• DIRECTIONS: In the entries below, find the line with "chụp ảnh cưới ở quán cà phê hà nội" and the line with "mit künstlerischen Leuchten"; copy them and every line between them exactly, but not the pictures.

• TASK MATERIAL:
========

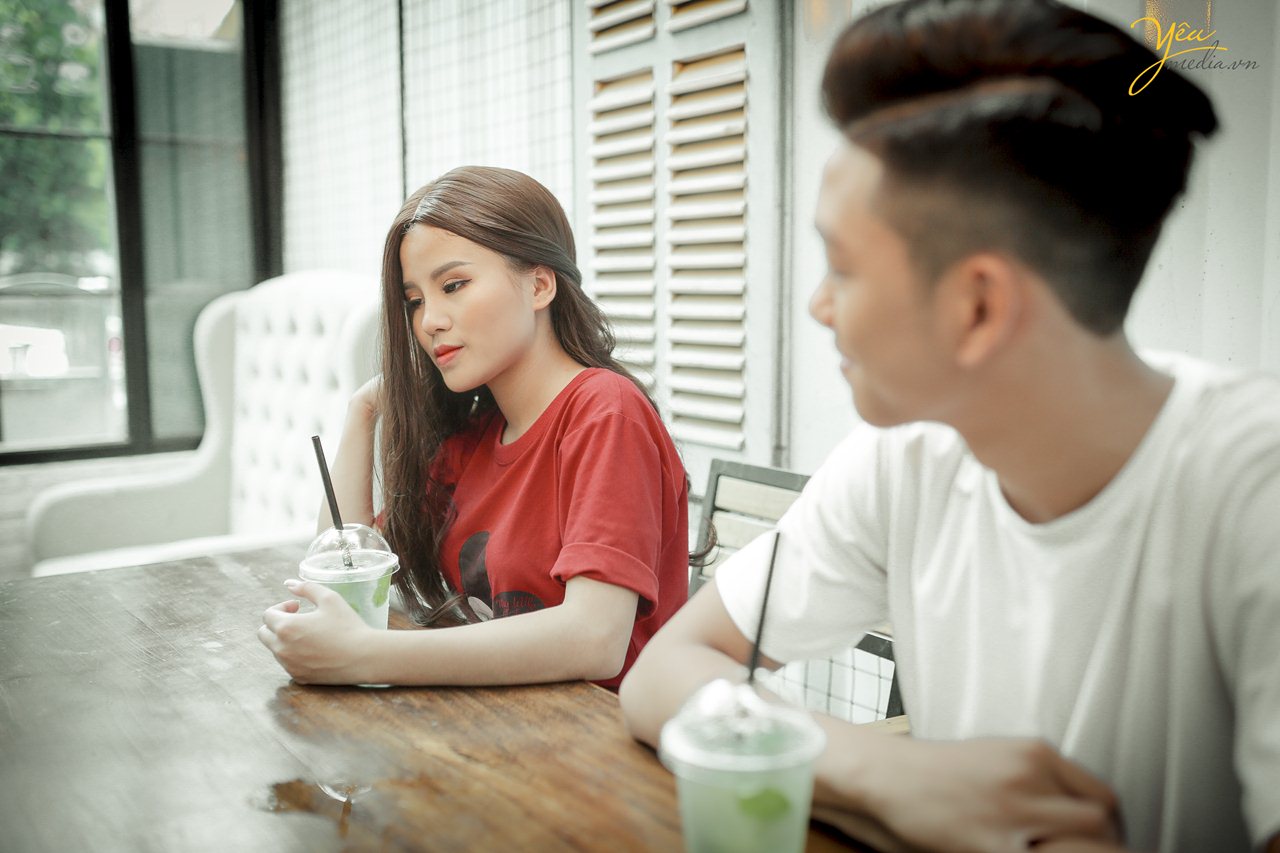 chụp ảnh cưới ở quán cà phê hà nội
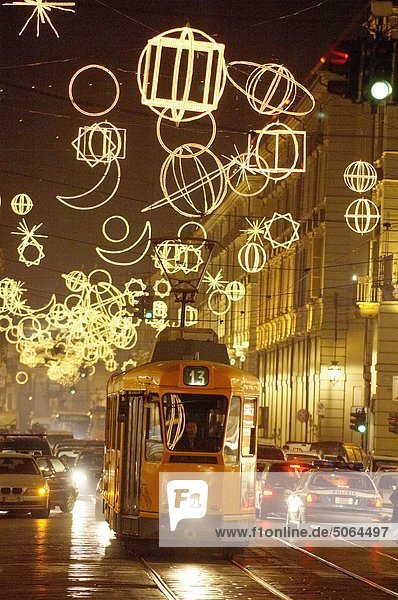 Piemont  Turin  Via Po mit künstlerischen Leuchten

========

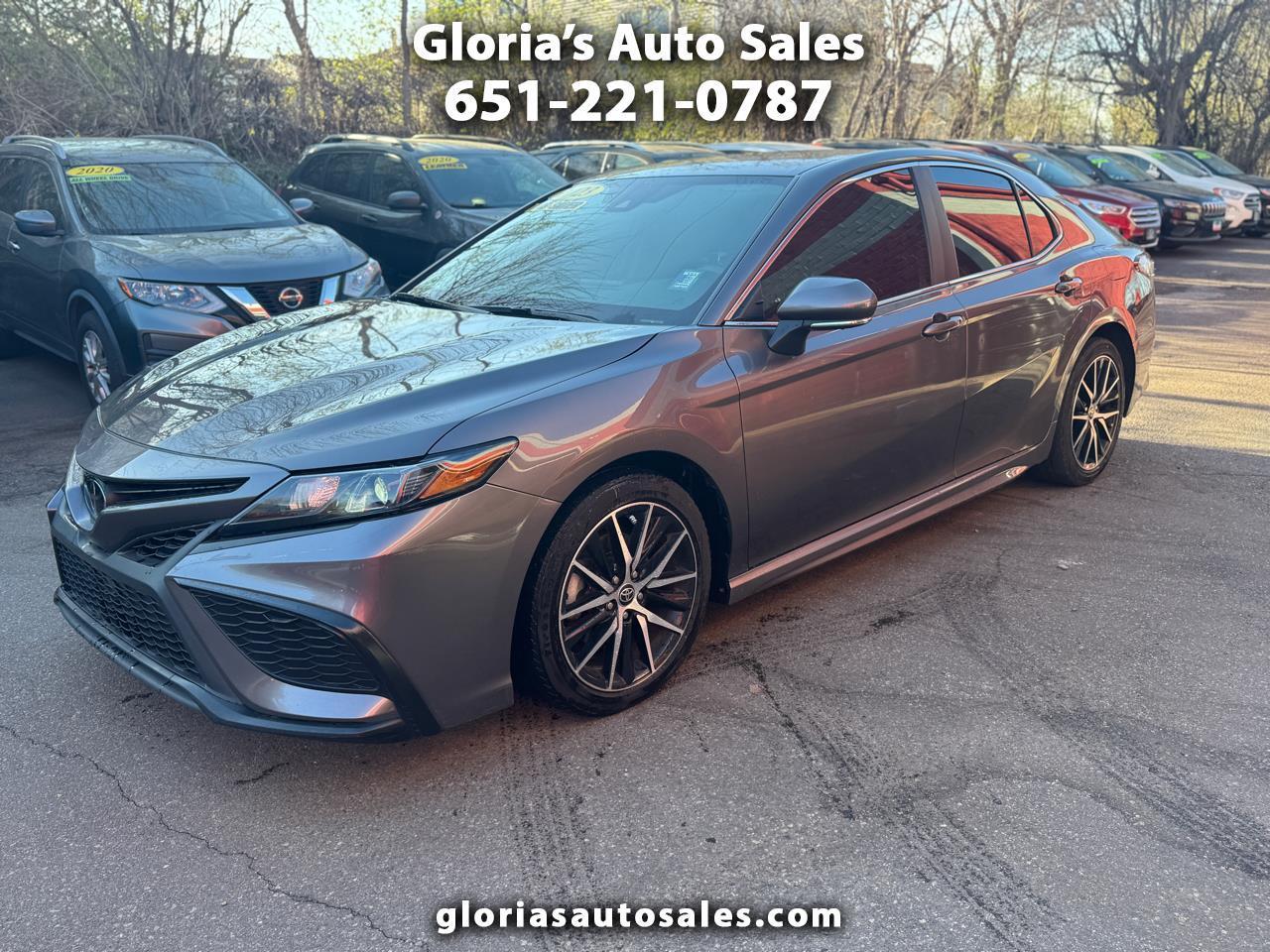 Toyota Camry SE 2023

========

• RESULT OF THIS EXERCISE:
 chụp ảnh cưới ở quán cà phê hà nội
 Piemont  Turin  Via Po mit künstlerischen Leuchten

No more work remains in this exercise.